Go through the listing below and state how many lines hold the word "serie", giving only the number.
═════ Given records ═════
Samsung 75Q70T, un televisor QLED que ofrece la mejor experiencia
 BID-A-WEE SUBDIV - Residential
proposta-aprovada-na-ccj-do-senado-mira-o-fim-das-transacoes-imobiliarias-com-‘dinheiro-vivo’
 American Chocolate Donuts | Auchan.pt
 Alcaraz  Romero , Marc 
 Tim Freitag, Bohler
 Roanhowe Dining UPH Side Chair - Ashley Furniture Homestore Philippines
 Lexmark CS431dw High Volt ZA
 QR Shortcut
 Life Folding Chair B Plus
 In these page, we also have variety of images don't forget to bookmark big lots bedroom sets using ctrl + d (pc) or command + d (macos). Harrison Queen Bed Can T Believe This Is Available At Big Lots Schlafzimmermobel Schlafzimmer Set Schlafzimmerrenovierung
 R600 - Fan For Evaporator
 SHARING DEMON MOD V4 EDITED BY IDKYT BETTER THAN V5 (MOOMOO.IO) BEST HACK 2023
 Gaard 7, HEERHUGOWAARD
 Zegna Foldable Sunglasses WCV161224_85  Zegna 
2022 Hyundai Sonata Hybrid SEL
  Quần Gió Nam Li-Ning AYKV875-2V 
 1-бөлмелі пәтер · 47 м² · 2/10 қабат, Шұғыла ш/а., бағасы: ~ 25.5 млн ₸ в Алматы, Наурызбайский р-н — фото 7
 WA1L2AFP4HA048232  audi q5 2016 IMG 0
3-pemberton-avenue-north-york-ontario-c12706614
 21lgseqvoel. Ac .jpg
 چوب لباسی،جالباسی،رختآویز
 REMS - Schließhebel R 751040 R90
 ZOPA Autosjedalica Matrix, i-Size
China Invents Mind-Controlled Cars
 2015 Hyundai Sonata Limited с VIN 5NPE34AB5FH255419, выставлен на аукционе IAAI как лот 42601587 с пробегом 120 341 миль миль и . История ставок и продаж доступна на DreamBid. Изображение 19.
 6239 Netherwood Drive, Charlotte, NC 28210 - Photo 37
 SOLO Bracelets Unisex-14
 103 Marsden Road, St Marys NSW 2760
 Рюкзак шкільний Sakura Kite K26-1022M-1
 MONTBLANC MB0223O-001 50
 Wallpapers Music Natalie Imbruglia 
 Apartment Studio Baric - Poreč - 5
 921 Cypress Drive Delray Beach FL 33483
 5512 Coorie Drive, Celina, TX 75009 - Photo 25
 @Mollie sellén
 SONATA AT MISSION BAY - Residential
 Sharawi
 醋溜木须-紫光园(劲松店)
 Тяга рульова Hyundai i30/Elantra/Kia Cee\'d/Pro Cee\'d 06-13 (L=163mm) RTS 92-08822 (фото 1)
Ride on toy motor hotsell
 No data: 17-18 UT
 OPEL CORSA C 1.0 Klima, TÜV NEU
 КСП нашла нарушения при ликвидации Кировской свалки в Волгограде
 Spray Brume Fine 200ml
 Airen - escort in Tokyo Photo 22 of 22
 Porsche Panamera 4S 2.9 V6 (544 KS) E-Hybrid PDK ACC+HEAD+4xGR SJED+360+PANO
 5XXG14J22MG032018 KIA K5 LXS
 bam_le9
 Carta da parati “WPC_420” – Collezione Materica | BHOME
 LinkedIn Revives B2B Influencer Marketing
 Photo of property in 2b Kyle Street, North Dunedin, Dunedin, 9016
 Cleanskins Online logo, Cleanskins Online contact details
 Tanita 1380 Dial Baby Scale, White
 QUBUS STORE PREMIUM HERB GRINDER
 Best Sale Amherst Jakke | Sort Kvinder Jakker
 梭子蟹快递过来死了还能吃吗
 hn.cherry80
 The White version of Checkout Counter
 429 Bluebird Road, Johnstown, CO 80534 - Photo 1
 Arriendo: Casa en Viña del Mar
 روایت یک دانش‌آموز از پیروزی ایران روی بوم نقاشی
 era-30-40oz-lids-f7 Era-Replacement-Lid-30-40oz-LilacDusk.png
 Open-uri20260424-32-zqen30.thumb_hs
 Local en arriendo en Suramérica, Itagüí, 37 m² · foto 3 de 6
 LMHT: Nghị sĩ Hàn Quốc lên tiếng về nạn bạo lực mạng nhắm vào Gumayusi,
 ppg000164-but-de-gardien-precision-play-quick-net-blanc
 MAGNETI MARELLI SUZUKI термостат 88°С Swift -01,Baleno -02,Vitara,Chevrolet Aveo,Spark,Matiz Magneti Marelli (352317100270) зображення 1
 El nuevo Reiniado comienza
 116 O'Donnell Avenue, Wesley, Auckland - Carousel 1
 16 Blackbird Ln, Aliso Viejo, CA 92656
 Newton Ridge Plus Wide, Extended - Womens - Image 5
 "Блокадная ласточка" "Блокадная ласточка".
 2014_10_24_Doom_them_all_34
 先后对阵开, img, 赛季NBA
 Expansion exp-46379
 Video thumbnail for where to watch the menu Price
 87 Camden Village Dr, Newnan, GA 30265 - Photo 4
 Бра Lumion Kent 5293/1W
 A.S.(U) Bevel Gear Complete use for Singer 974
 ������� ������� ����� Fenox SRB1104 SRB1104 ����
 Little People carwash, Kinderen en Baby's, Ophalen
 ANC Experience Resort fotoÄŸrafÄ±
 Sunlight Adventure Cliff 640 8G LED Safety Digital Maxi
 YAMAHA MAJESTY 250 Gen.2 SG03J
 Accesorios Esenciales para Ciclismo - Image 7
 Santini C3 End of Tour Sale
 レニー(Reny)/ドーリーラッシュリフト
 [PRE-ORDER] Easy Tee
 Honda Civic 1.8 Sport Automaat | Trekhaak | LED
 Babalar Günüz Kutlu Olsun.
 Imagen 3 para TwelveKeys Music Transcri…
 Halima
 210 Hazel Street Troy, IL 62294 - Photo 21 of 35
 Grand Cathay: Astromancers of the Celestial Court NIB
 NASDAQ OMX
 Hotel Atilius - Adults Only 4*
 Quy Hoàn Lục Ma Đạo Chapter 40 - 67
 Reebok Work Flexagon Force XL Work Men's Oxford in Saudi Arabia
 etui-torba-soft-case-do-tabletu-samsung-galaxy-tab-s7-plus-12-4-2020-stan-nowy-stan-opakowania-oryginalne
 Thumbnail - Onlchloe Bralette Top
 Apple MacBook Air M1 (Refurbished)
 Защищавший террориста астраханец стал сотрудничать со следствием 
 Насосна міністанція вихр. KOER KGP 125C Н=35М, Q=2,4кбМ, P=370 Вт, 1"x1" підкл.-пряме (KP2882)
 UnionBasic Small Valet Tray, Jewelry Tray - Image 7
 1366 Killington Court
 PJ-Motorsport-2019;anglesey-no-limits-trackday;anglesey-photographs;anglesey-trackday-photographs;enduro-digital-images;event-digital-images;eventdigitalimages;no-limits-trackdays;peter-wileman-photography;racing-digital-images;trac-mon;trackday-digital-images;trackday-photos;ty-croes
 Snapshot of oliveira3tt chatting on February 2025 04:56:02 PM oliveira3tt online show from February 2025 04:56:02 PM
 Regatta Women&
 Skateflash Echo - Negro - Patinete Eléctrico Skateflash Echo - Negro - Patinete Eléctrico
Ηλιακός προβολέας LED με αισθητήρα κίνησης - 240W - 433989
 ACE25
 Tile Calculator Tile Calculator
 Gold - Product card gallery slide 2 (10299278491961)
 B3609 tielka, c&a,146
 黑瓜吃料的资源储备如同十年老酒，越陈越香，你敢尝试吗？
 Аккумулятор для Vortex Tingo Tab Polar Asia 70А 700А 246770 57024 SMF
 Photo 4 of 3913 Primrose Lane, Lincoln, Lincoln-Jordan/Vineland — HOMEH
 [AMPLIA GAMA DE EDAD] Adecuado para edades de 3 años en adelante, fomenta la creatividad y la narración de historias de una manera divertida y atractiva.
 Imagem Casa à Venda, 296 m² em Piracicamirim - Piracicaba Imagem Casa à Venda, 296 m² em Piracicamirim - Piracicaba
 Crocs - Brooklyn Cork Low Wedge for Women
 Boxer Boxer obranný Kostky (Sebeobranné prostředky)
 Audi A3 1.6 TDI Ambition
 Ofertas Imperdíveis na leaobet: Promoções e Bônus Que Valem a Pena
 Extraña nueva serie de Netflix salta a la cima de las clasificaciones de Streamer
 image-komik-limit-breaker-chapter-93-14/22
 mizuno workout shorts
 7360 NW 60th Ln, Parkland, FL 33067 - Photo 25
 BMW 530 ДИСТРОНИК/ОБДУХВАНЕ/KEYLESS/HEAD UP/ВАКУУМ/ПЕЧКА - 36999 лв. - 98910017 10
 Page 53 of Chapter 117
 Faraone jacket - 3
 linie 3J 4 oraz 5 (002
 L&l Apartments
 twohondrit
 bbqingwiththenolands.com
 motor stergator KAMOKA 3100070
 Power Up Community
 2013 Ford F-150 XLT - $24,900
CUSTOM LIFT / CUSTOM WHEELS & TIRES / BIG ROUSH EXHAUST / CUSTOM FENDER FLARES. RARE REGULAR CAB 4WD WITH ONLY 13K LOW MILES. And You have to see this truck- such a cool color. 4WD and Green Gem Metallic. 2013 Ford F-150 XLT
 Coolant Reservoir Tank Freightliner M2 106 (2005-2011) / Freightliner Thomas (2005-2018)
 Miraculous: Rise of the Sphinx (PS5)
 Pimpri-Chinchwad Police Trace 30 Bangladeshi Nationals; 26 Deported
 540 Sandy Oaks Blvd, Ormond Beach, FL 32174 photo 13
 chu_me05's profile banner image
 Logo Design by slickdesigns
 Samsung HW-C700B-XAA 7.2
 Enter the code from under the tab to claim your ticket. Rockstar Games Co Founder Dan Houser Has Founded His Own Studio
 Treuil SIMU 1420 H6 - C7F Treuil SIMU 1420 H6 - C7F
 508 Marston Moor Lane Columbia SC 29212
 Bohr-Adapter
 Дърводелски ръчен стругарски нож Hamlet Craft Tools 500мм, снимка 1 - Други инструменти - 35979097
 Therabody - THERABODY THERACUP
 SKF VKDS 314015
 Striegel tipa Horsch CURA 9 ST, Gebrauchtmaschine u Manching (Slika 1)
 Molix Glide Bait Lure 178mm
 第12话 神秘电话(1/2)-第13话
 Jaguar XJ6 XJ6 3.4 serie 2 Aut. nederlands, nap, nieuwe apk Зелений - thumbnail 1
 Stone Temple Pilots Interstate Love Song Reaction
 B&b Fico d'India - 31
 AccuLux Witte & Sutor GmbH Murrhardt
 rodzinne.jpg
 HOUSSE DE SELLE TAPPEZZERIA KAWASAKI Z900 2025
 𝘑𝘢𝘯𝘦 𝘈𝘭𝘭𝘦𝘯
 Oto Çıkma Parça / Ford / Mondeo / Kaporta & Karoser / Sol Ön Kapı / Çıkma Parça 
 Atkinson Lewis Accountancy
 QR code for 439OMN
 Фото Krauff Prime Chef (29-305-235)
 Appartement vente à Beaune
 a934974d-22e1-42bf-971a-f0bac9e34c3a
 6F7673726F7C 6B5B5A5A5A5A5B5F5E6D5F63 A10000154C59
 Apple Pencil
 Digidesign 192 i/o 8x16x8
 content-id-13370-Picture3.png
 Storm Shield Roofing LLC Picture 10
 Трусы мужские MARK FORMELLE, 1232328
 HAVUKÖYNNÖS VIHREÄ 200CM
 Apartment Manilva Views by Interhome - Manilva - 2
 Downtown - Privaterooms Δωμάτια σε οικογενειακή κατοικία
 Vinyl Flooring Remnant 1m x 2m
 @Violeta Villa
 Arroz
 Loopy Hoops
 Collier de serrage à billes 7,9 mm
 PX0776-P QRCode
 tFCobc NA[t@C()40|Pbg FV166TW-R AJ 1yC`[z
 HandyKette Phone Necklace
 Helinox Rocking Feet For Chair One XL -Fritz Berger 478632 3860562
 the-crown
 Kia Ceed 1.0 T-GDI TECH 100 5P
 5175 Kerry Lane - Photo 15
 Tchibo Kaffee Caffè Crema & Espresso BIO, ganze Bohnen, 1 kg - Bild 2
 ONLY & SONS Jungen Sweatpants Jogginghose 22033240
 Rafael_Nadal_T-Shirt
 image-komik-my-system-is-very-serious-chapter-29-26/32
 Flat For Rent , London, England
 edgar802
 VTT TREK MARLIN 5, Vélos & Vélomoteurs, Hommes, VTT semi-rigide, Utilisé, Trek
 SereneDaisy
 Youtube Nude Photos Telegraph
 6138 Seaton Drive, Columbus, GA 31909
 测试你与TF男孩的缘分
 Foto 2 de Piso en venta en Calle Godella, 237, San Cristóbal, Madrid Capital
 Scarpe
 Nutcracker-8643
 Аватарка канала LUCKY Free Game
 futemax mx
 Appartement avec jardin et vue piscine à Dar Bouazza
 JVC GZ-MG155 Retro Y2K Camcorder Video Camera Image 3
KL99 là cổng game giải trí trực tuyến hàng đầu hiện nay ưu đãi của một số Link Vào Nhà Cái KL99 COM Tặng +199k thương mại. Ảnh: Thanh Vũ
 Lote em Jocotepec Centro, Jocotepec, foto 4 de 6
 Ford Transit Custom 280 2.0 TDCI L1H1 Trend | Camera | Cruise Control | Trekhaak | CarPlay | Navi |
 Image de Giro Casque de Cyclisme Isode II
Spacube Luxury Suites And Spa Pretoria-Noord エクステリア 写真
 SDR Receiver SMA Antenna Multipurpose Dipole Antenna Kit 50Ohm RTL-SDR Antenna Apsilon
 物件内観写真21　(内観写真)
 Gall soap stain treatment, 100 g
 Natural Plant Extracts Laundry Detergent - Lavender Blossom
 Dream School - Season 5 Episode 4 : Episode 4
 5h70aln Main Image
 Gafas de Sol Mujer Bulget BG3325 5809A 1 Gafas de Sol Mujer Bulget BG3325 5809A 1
═════
▶ **Exercise answer**: 2